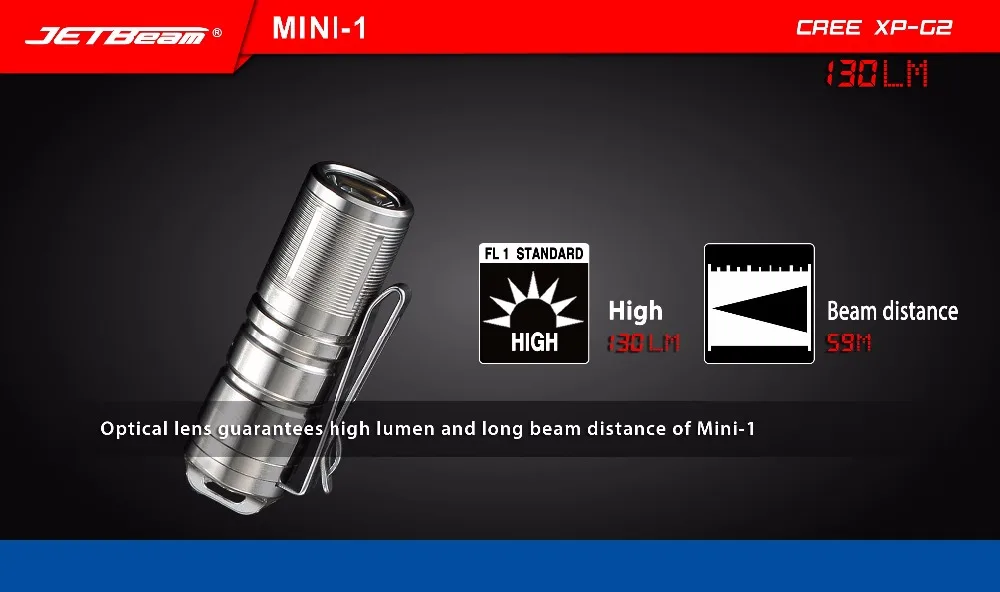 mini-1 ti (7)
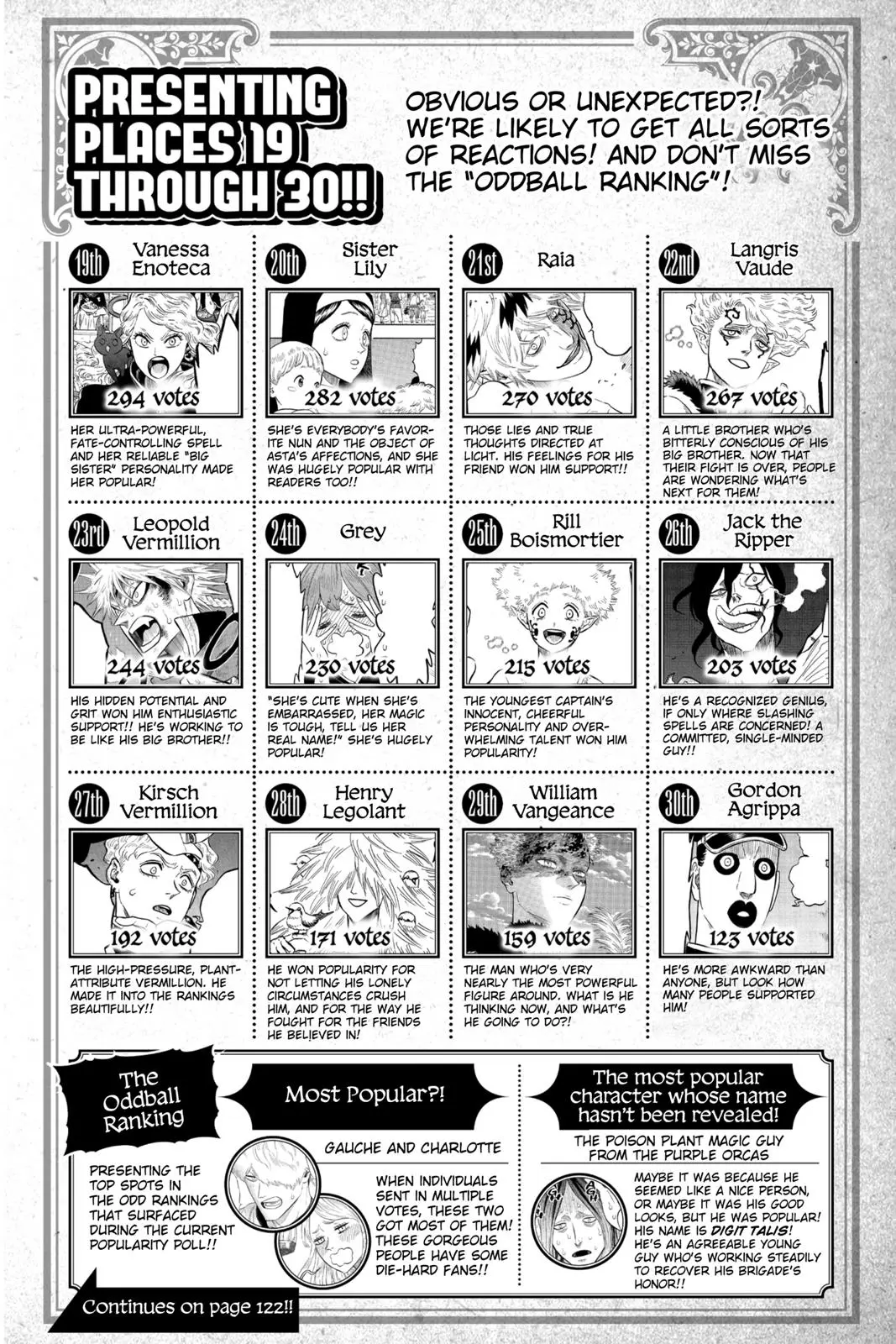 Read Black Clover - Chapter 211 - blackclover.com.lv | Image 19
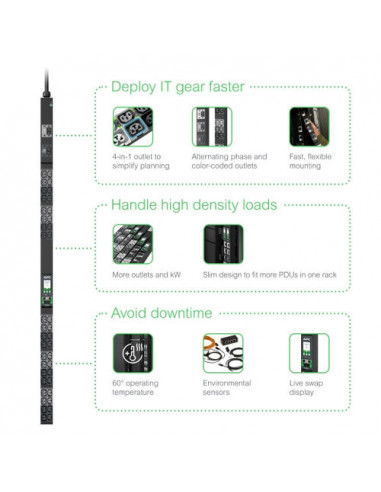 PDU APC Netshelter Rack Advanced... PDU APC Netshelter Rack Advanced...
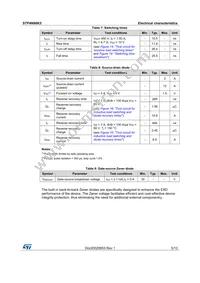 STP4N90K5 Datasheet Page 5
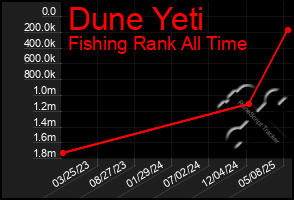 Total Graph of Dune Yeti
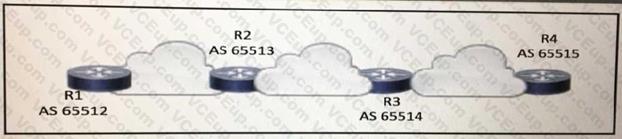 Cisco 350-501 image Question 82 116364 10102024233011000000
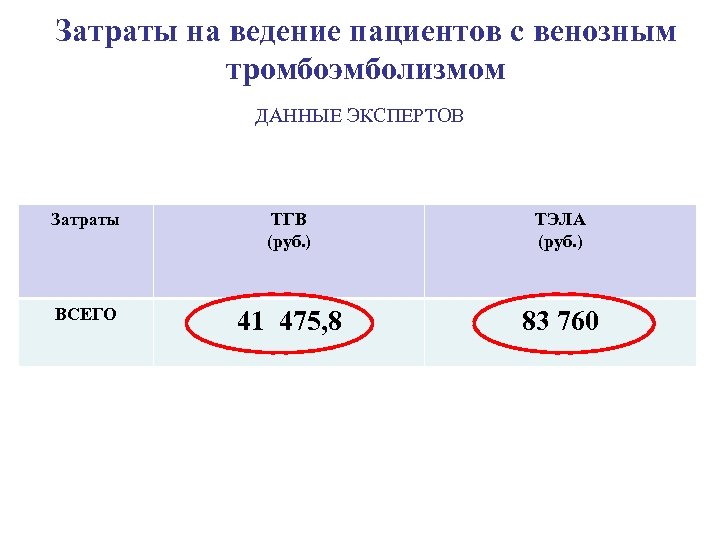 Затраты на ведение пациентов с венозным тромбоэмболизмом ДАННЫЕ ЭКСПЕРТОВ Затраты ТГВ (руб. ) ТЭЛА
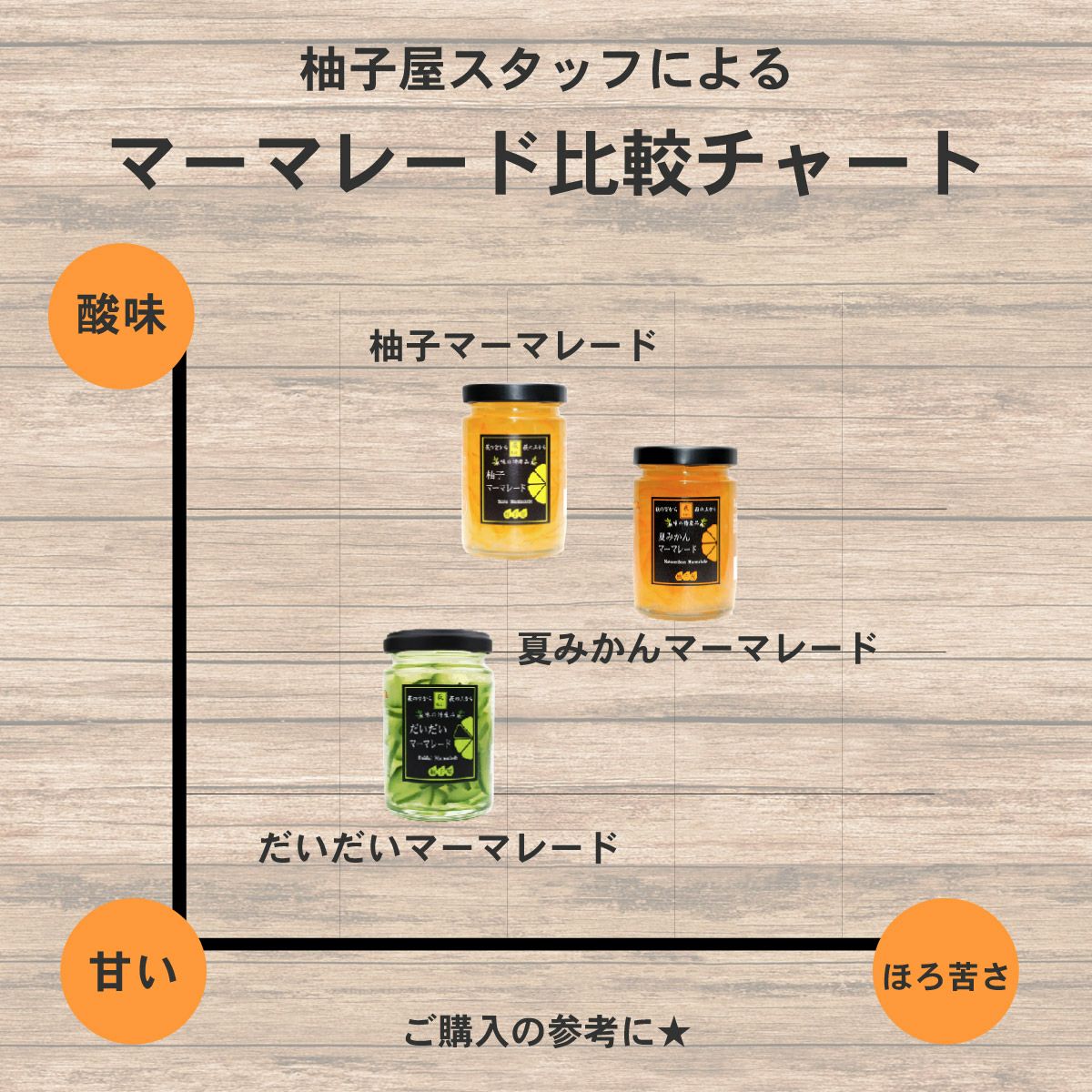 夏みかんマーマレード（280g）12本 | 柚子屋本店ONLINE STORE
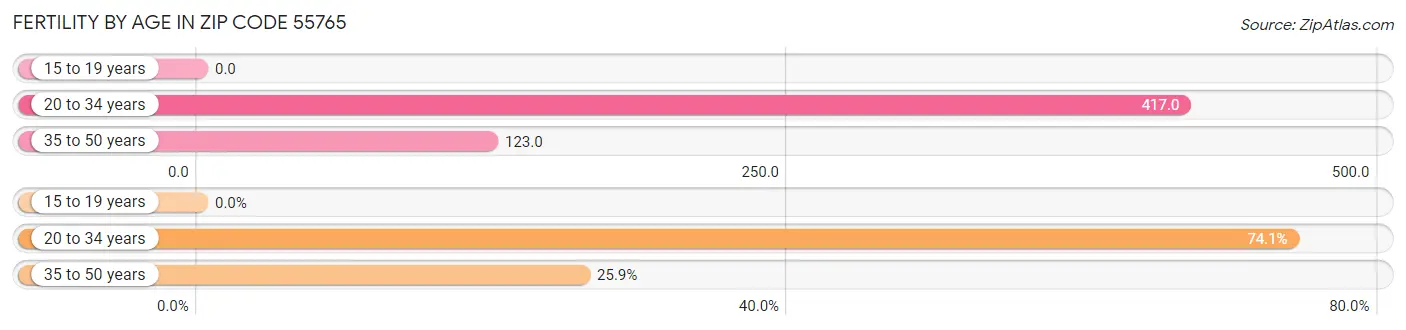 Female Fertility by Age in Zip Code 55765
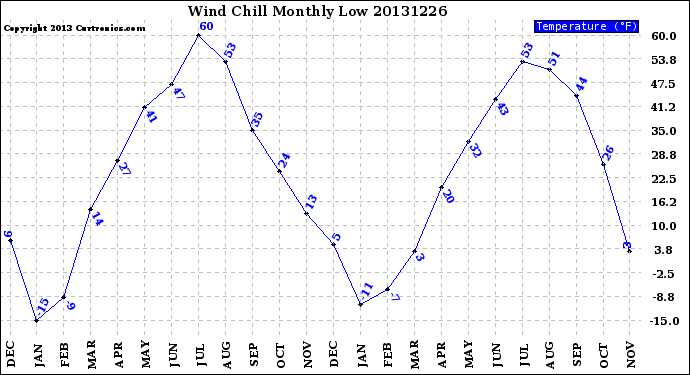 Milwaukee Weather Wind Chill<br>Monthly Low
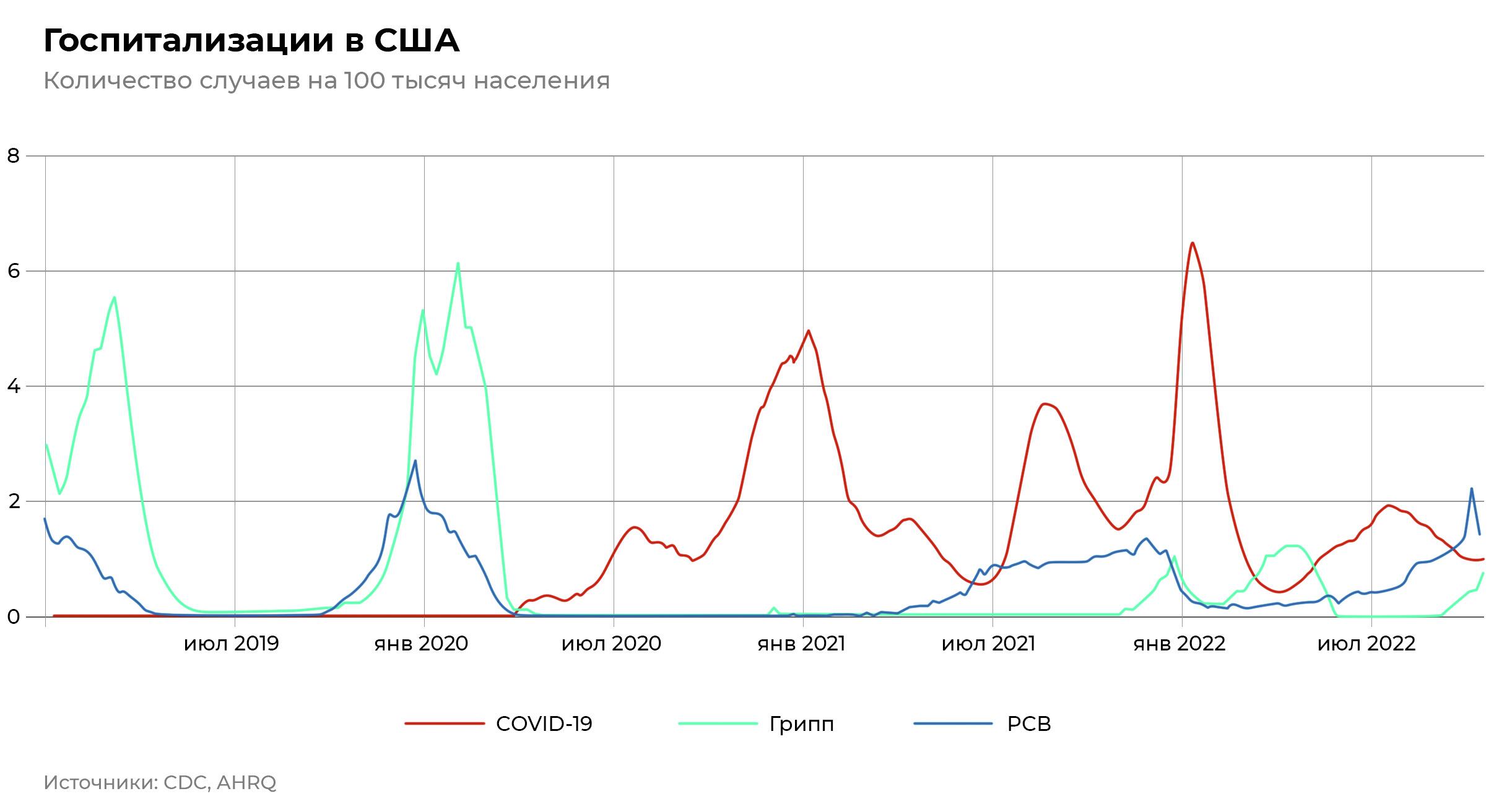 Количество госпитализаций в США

---*---

-- EXERCISE BRIEF --
Lines before the one containing "Read Black Clover" are not wanted; write out that line and every later line through the end of the data above, exactly, without pictures.

-- TASK RESPONSE --
 Read Black Clover - Chapter 211 - blackclover.com.lv | Image 19
 PDU APC Netshelter Rack Advanced... PDU APC Netshelter Rack Advanced...
 STP4N90K5 Datasheet Page 5
 Total Graph of Dune Yeti
 Cisco 350-501 image Question 82 116364 10102024233011000000
 Затраты на ведение пациентов с венозным тромбоэмболизмом ДАННЫЕ ЭКСПЕРТОВ Затраты ТГВ (руб. ) ТЭЛА
 夏みかんマーマレード（280g）12本 | 柚子屋本店ONLINE STORE
 Female Fertility by Age in Zip Code 55765
 Milwaukee Weather Wind Chill<br>Monthly Low
 Количество госпитализаций в США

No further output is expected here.